The stockbroker understandably has urged its clients to be cautious vis-a-vis elevated PEs that have kept on rising in July. Deutsche Bank has downgraded REA Group to Sell.
Diversified Financials
The sector is no longer seen as a hotbed of outperformers, even though global equity markets have outperformed expectations recently. Funds managers are battling tougher times, and the same holds true for insurers who also feel the pain from ever lower bond yields.

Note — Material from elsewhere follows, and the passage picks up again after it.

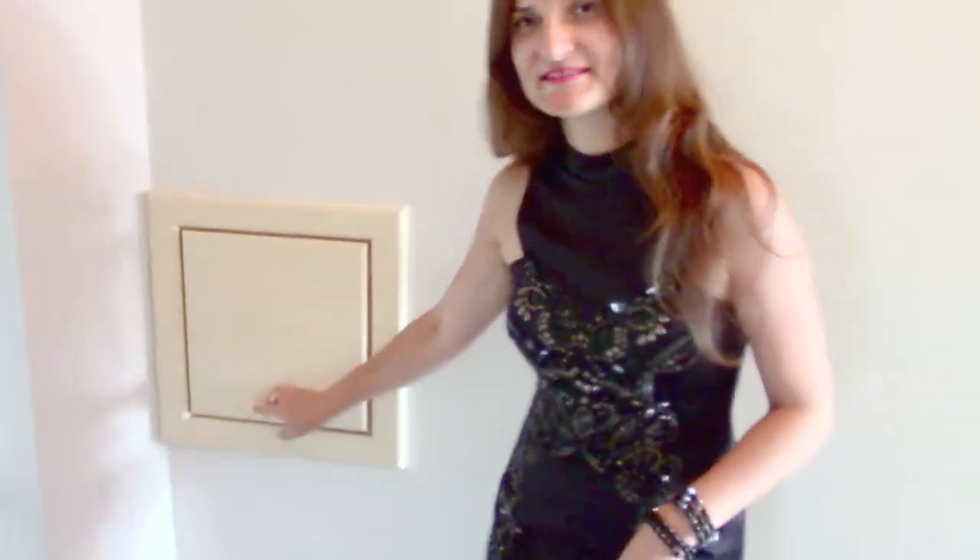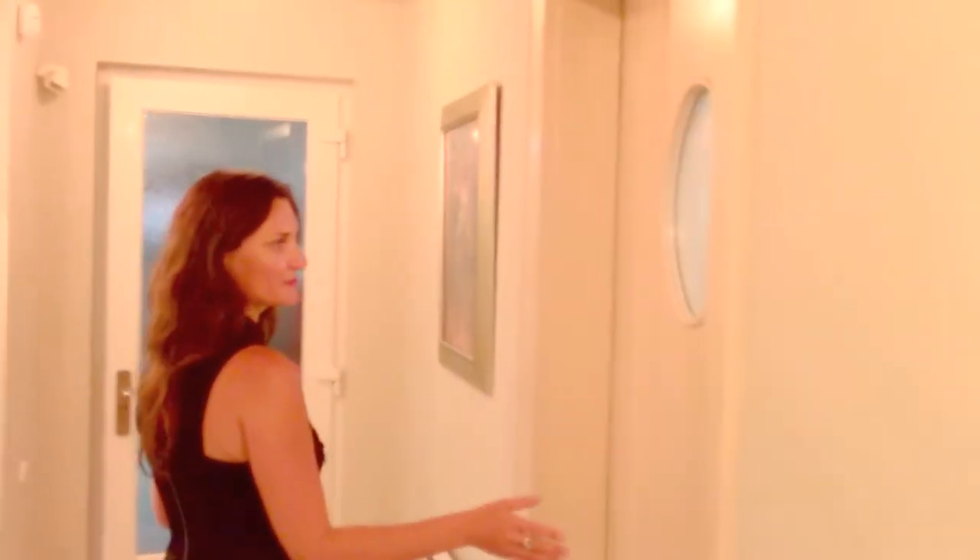Let's go downstairs. But just before that, I would like to show you the secret box — this is actually the laundry chute. You can put your dirty laundry and it will go down to the cleaning room downstairs. Let's go and I would like to show you the spa section of this house. Now we're in the basement, and here there are several more doors — one of them goes to the technical room and laundry.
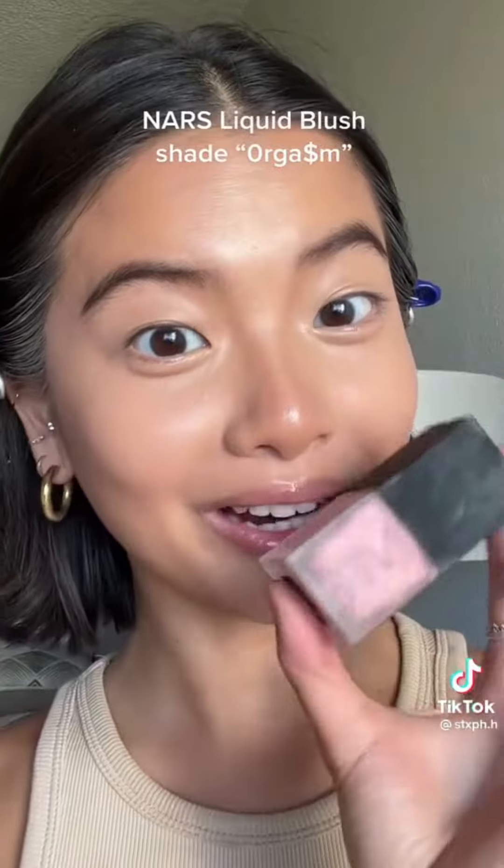NARS Liquid Blush in the shade Orgasm. The consistency is very watery and runny, and there are little gold shimmers in the product. It blends out very easily and evenly. I'm loving this natural sheer flush of color and it's buildable too.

Challenger Financial ((CGF)) remains everyone's favourite, while no one wants a piece of Computershare ((CPU)) these days. QBE Insurance ((QBE)) is regularly mentioned both in negative and positive context of expectations.
Stocks that are persistently being mentioned as poised for a potential positive surprise (in addition to the ones mentioned above):
Bellamy's ((BAL)), Beach Petroleum ((BPT)), BlueScope Steel ((BSL)), Corporate Travel ((CTD)), Harvey Norman ((HVN)), JB Hi-Fi ((JBH)), Link Administration ((LNK)), NextDC ((NXT)), oOh!Media ((OML)), Origin Energy ((ORG)), Qantas ((QAN)), Star Entertainment ((SGR)) and Webjet ((WEB)).
Stocks that are persistently being mentioned as a prime candidate for a nasty disappointment (in addition to the ones mentioned above)::
Ainsworth Gaming ((AGI)), Ansell ((ANN)), Coca-Cola Amatil ((CCL)), Computershare ((CPU)), Monadelphous ((MND)), Myer ((MYR)), Navitas ((NVT)), Sandfire Resources ((SFR)) and Sims Metal ((SGM)).
Stockbroker Moelis sees a short term opportunity in Shine Corp ((SHJ)) while Goldman Sachs initiated coverage on Lifestyle Communities ((LIC)) with a Conviction Buy alongside a price target of $4.00. Another key change from the past is that Coles ((WES)) should report a higher operating margin than Woolworths ((WOW)). Qantas should announce the return of dividends.
Rudi On Tour
I will be presenting:
– At the Australian Investors' Association's (AIA) National Conference in August on Queensland's Gold Coast.
– To Chatswood chapter of Australian Investors' Association (AIA) on September 7, 7pm, Chatswood RSL
– To Perth chapters of Australian Investors' Association (AIA) and Australian Shareholders' Association (ASA) on 7 February 2017
Nothing Ever Changes, Or Does It?
Yes, of course, investing in the share market is never really different and best working strategies today are the same that worked pre-GFC. Seriously. I tell you, seriously.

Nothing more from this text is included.